» **Problem to solve**: Repeat exactly, and only, the lines below starting at the line that contains "thumbnail image 3" and ending at the line that contains "Multicoloured Checkered Arka Coat", inclusive of both.

» **Information given**:
▼

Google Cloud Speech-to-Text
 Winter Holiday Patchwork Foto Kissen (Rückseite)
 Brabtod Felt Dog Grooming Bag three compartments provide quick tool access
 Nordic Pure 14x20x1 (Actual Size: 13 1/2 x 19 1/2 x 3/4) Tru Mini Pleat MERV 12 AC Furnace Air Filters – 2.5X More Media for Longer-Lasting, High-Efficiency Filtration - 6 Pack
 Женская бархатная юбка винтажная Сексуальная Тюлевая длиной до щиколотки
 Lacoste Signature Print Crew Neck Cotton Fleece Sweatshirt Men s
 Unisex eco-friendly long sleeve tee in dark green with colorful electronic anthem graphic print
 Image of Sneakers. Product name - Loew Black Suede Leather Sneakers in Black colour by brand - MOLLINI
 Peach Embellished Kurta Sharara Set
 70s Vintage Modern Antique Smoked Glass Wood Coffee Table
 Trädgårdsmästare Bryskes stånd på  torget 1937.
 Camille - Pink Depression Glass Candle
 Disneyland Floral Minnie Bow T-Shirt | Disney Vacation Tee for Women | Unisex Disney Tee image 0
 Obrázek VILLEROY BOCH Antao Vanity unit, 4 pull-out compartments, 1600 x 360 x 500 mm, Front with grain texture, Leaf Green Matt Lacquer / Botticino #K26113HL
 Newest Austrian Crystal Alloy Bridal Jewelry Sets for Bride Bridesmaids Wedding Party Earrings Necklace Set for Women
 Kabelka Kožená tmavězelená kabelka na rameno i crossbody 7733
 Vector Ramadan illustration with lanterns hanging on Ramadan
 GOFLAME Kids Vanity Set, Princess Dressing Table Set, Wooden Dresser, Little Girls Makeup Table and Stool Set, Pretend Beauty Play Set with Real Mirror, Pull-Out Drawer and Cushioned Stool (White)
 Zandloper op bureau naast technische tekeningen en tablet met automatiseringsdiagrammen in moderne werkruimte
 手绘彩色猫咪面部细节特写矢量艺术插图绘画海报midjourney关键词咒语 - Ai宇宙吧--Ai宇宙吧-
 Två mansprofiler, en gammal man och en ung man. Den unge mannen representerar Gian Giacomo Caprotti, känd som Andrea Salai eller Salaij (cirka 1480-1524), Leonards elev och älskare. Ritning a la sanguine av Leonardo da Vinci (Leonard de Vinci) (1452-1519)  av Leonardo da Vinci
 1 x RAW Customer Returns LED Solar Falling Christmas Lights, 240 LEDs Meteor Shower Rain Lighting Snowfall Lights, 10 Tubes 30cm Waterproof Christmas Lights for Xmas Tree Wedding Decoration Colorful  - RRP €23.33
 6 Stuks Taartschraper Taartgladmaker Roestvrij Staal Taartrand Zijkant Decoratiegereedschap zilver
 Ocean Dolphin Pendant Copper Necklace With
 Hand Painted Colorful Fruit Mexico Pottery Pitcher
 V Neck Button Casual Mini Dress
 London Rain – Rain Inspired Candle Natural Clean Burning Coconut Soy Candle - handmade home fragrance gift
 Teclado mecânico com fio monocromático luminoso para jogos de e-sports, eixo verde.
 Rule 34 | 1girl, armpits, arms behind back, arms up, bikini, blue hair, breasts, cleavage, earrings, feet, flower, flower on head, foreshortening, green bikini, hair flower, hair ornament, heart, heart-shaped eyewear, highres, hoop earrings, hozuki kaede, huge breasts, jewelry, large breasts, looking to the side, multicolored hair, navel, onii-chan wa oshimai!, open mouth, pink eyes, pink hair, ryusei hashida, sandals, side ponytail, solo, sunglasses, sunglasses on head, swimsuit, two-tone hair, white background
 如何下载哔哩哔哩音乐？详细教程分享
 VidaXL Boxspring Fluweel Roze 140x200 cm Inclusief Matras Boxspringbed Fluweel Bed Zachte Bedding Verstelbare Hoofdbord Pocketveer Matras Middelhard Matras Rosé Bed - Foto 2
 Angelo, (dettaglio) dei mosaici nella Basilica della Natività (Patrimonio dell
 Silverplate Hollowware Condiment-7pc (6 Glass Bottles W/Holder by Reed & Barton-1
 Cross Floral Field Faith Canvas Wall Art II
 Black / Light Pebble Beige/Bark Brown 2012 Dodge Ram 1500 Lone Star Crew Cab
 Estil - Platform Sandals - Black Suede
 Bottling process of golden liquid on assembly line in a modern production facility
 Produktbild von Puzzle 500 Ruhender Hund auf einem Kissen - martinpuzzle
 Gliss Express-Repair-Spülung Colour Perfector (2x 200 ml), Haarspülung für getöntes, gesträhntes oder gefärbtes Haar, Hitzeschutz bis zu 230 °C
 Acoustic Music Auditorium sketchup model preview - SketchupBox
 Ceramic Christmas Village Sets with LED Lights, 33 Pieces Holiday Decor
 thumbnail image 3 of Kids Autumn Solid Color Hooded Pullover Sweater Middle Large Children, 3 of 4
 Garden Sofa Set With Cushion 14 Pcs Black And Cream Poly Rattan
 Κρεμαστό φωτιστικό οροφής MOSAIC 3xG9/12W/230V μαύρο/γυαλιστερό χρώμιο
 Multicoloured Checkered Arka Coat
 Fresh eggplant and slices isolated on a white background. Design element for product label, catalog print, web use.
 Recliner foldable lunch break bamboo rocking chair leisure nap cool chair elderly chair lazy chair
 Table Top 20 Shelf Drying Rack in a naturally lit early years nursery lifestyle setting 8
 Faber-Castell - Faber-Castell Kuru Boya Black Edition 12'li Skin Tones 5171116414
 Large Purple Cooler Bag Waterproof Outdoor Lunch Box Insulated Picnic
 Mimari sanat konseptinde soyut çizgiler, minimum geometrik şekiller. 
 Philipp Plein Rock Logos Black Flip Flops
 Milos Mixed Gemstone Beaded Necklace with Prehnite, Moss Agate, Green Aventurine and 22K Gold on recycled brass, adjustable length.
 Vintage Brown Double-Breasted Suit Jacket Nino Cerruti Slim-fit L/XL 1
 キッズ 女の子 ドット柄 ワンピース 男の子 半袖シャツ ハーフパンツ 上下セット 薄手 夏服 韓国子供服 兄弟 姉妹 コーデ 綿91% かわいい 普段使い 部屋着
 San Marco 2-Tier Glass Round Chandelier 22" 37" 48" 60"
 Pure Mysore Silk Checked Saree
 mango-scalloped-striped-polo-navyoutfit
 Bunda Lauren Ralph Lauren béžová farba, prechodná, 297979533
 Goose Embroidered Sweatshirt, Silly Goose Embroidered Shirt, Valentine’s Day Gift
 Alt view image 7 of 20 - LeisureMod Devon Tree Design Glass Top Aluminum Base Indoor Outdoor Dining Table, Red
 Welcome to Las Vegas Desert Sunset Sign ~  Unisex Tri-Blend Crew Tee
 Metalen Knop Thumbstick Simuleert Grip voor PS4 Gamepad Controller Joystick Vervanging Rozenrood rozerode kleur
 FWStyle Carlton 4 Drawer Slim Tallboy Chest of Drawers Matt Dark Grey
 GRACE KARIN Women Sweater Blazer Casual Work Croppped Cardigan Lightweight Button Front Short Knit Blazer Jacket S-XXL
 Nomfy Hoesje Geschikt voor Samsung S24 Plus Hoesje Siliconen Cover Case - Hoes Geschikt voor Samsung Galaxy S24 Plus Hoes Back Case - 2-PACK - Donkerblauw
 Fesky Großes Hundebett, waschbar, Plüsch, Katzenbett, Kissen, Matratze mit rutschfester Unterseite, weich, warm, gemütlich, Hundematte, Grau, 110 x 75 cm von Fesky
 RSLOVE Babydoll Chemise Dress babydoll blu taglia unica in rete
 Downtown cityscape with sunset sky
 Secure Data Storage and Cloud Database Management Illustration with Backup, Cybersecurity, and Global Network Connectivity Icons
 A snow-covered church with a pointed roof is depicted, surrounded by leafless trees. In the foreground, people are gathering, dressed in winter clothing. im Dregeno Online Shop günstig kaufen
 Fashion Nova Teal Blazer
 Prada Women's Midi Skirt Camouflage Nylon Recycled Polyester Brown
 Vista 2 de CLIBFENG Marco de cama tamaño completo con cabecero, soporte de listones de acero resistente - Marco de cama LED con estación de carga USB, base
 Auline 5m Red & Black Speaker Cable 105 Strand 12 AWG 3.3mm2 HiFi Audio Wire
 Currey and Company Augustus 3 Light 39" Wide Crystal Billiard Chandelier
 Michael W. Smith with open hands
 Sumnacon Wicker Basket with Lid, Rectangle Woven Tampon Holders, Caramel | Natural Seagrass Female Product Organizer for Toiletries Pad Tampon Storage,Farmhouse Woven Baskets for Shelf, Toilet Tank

▲

» **Written answer**:
 thumbnail image 3 of Kids Autumn Solid Color Hooded Pullover Sweater Middle Large Children, 3 of 4
 Garden Sofa Set With Cushion 14 Pcs Black And Cream Poly Rattan
 Κρεμαστό φωτιστικό οροφής MOSAIC 3xG9/12W/230V μαύρο/γυαλιστερό χρώμιο
 Multicoloured Checkered Arka Coat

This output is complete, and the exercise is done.